O superintendente do Ibama na Bahia , Rodrigo Santos Alves, cancelou atos da própria equipe técnica para liberar obras do Tivoli Ecoresort, na Praia do Forte. Alves é sócio da Remax Jazz, uma empresa imobiliária que atua na oferta de imóveis de luxo no litoral. Ele foi nomeado para o cargo no Ibama por Ricardo Salles, ministro do Meio Ambiente. As informações foram dadas pelo jornal O Estado de S. Paulo, que na semana passada mostrou o aparelhamento nas superintendências regionais com nomeações de PMs e outros não técnicos para cargos de chefia, sem que tenham formação técnica e acadêmica para exercê-los.

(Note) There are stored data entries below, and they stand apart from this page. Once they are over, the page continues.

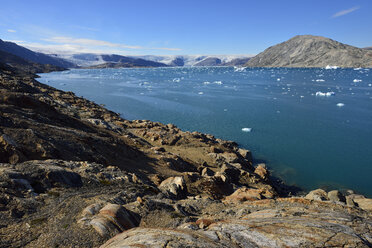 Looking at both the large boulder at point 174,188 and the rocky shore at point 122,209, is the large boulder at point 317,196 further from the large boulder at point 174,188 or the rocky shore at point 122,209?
the large boulder at point 174,188

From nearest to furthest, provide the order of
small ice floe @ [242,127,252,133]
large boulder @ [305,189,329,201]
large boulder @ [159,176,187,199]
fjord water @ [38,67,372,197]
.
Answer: large boulder @ [159,176,187,199] → large boulder @ [305,189,329,201] → fjord water @ [38,67,372,197] → small ice floe @ [242,127,252,133]

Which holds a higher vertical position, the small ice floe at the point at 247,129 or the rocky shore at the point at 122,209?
the rocky shore at the point at 122,209

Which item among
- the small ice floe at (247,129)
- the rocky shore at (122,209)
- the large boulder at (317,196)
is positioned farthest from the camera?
the small ice floe at (247,129)

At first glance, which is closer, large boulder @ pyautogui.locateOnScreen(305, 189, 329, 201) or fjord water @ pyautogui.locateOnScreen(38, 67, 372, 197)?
large boulder @ pyautogui.locateOnScreen(305, 189, 329, 201)

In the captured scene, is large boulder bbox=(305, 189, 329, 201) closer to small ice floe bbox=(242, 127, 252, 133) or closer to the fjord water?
the fjord water

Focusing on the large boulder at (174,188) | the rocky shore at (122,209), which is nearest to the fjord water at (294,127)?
the rocky shore at (122,209)

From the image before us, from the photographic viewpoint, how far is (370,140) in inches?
1005

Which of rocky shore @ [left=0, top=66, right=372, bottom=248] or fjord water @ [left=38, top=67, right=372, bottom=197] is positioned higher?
rocky shore @ [left=0, top=66, right=372, bottom=248]

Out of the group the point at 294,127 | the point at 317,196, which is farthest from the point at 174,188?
the point at 294,127

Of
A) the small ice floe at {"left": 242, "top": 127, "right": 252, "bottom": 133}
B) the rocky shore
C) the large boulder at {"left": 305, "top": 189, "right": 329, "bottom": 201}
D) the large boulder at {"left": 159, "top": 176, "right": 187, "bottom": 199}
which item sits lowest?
the small ice floe at {"left": 242, "top": 127, "right": 252, "bottom": 133}

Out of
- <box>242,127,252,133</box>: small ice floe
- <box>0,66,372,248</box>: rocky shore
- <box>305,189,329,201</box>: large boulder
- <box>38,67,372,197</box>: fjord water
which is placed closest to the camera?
<box>0,66,372,248</box>: rocky shore

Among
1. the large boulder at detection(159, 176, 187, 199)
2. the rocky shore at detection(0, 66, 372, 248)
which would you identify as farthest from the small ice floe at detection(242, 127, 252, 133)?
the large boulder at detection(159, 176, 187, 199)

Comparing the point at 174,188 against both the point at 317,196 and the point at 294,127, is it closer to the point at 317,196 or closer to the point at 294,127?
the point at 317,196

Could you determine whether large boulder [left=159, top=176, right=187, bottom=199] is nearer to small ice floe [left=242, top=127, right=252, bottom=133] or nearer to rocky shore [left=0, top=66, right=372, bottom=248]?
rocky shore [left=0, top=66, right=372, bottom=248] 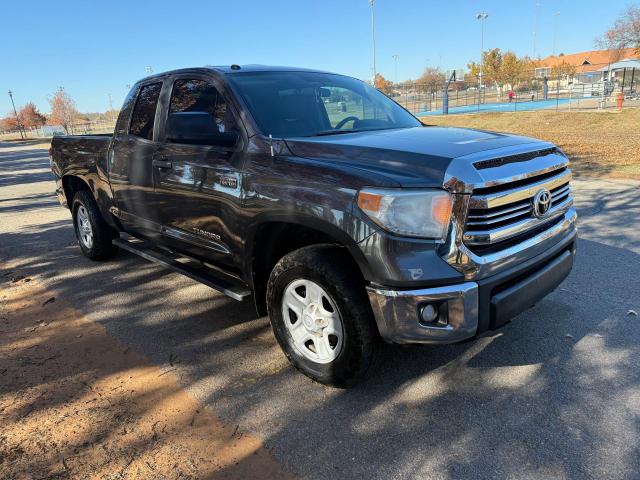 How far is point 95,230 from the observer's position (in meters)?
5.57

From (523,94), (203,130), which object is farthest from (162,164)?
(523,94)

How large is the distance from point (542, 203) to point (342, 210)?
1.21 metres

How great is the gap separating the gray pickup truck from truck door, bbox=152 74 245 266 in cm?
1

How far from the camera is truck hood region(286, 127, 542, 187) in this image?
8.38 feet

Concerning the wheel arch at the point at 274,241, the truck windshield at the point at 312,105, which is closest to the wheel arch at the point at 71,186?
the truck windshield at the point at 312,105

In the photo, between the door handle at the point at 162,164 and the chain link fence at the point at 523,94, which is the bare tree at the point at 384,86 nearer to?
the chain link fence at the point at 523,94

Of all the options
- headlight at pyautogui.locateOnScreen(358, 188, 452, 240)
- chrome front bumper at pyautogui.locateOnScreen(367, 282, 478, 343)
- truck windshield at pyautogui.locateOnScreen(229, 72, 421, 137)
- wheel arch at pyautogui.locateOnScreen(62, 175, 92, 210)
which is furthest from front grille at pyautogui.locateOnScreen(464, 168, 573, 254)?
wheel arch at pyautogui.locateOnScreen(62, 175, 92, 210)

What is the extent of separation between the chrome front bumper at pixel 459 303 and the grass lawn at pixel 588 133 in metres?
7.83

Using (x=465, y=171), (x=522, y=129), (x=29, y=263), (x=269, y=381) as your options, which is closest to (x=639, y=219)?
(x=465, y=171)

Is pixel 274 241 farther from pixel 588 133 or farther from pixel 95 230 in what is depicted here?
pixel 588 133

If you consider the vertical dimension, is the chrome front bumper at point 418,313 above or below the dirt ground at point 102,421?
above

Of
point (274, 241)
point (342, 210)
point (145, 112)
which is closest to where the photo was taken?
point (342, 210)

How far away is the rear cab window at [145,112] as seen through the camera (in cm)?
434

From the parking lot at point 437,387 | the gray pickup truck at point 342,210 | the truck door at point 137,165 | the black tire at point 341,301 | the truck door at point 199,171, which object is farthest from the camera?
the truck door at point 137,165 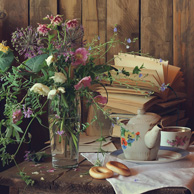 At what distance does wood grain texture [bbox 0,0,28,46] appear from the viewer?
5.59 feet

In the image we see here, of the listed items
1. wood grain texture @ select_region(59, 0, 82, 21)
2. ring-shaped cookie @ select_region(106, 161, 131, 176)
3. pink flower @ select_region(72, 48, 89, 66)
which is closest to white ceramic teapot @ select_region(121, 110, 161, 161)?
ring-shaped cookie @ select_region(106, 161, 131, 176)

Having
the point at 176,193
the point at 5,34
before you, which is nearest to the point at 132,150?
the point at 176,193

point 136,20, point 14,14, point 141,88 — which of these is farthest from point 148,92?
point 14,14

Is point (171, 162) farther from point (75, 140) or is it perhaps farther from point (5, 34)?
point (5, 34)

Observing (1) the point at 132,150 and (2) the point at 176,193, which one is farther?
(1) the point at 132,150

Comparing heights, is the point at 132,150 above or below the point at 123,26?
below

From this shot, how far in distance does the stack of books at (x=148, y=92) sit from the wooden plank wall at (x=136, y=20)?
0.13 meters

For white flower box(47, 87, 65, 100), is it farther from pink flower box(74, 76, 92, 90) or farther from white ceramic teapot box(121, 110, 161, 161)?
white ceramic teapot box(121, 110, 161, 161)

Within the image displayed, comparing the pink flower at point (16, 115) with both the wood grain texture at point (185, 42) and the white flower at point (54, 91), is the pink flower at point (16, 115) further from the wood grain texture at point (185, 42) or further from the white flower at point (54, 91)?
the wood grain texture at point (185, 42)

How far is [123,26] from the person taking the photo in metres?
1.68

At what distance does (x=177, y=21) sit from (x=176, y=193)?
0.94 m

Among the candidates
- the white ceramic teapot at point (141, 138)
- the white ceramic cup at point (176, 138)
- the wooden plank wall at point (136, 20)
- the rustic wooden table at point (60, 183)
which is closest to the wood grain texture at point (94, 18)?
the wooden plank wall at point (136, 20)

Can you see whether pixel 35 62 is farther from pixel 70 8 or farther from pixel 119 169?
pixel 70 8

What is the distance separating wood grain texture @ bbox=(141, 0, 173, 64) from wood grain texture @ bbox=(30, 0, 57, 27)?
16.7 inches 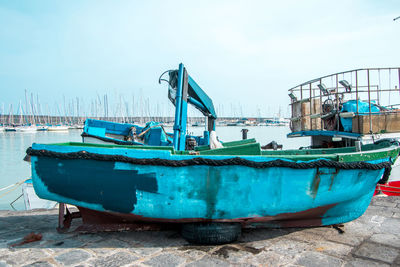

Rodrigo Alves, que comanda o Ibama na Bahia desde junho de 2019, cancelou uma multa de R$ 7,5 milhões aplicada pelos técnicos do órgão contra o Tivoli Ecoresort e anulou a decisão que paralisava a obra.

O Tivoli Ecoresort fica na Praia do Forte, onde há procriação de tartarugas marinhas. Nessa mesma região há o Projeto Tamar, um programa do ICMBio (Instituto Chico Mendes de Conservação da Biodiversidade) voltado à proteção da fauna marinha.

Em julho de 2020, técnicos do Ibama realizaram uma vistoria no local e autuaram a empresa, embargando “todas e quaisquer atividades relacionadas à construção em faixa de areia da praia do empreendimento”. A Secretaria de Patrimônio da União (SPU) também havia embargado a obra.

Em setembro, Rodrigo Alves rejeitou as notificações do Ibama e alegou que o hotel já possuía licença ambiental fornecida pelo município de Mata de São João.

Técnicos do Ibama, membros do ICMBio e o Ministério Público Federal entendem que a construção deveria ser paralisada. “Estão acontecendo várias intervenções desse tipo no litoral. Não podemos deixar que isso se imponha de qualquer forma. Há um afrouxamento legal, que deve ser combatido”, afirmou a procuradora Bartira Araújo Góes.

Questionado, Alves disse que não há acusação sobre o Tivoli Ecoresort “estar executando obras além do licenciamento existente”. Para ele, há “um inconformismo com o licenciamento, que desafia a via judicial, e não administrativa”.